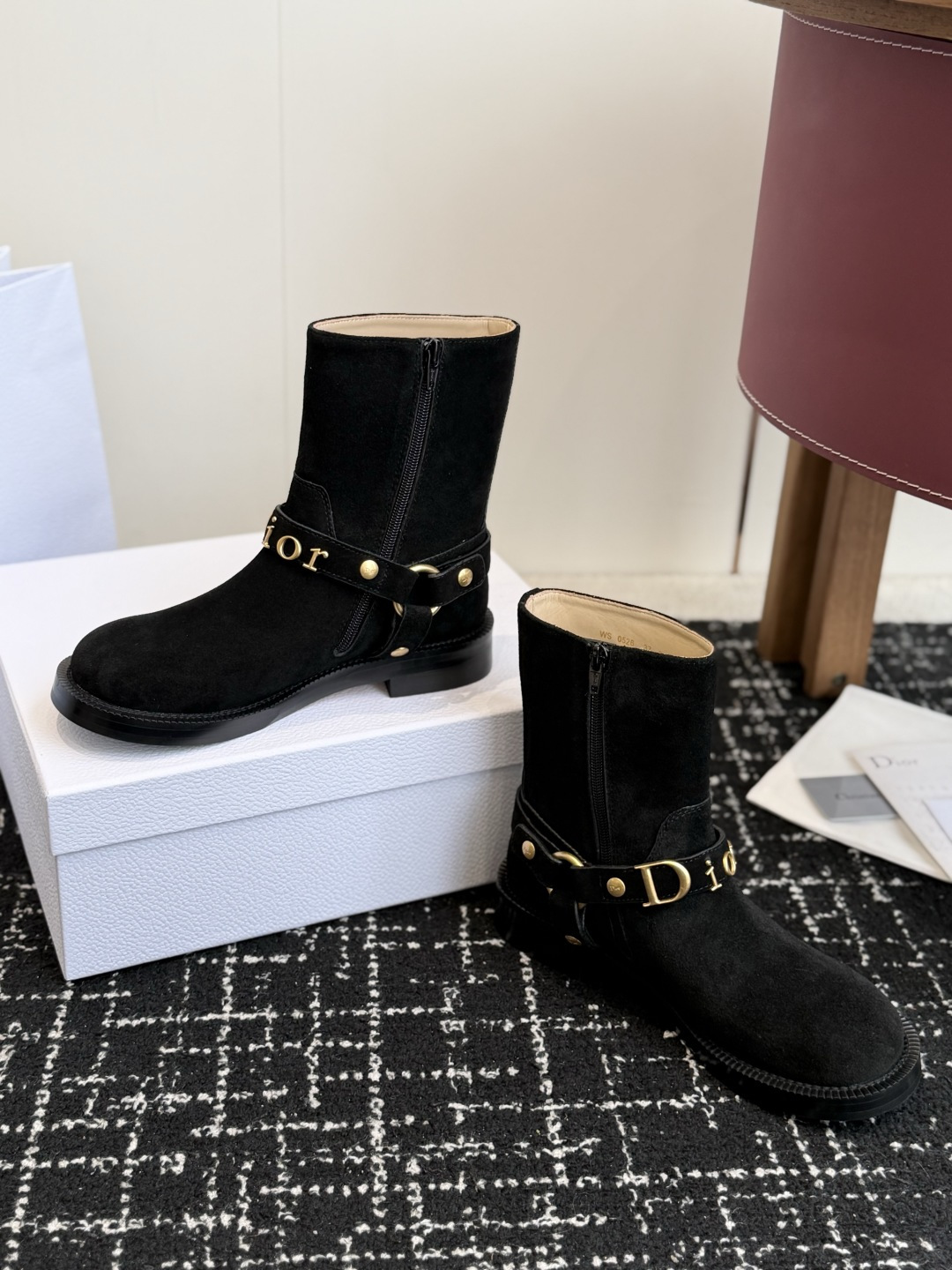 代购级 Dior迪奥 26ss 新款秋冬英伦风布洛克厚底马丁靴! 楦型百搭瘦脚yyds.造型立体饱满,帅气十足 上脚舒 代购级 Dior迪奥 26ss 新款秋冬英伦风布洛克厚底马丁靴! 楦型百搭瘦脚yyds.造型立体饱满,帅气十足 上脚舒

+ + + + + + +

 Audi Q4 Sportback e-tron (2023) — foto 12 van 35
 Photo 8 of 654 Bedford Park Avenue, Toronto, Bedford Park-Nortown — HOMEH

+ + + + + + +

WHAT IS REQUIRED >> Looking at the data above, write out exactly the lines that start at the one containing "Audi Q4 Sportback" and end at the one containing "Photo 8 of 654"; include both and nothing beyond.

RESULT OF THE TASK >>
 Audi Q4 Sportback e-tron (2023) — foto 12 van 35
 Photo 8 of 654 Bedford Park Avenue, Toronto, Bedford Park-Nortown — HOMEH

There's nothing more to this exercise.